The copy should hold exactly the lines below from the one that contains "Meet the Moonlight cover" through the one that contains "Pet Cat Toy" and nothing else, so no pictures.

SOURCE MATERIAL:

# # #

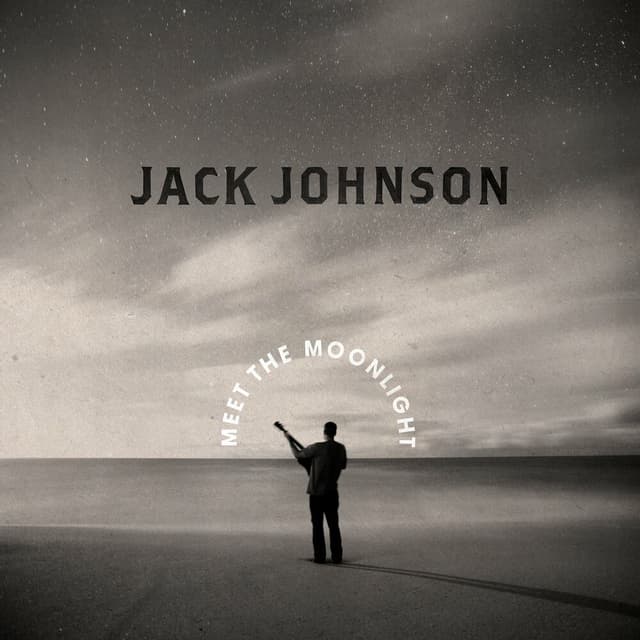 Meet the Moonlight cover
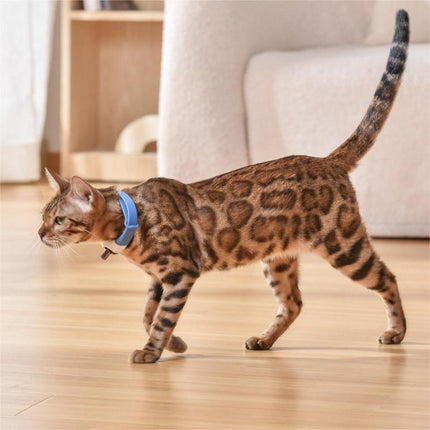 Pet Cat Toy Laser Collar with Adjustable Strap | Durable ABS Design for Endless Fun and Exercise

# # #

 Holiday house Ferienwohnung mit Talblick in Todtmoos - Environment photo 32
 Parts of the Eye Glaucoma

# # #

ANSWER FOR THE TASK:
 Meet the Moonlight cover
 Pet Cat Toy Laser Collar with Adjustable Strap | Durable ABS Design for Endless Fun and Exercise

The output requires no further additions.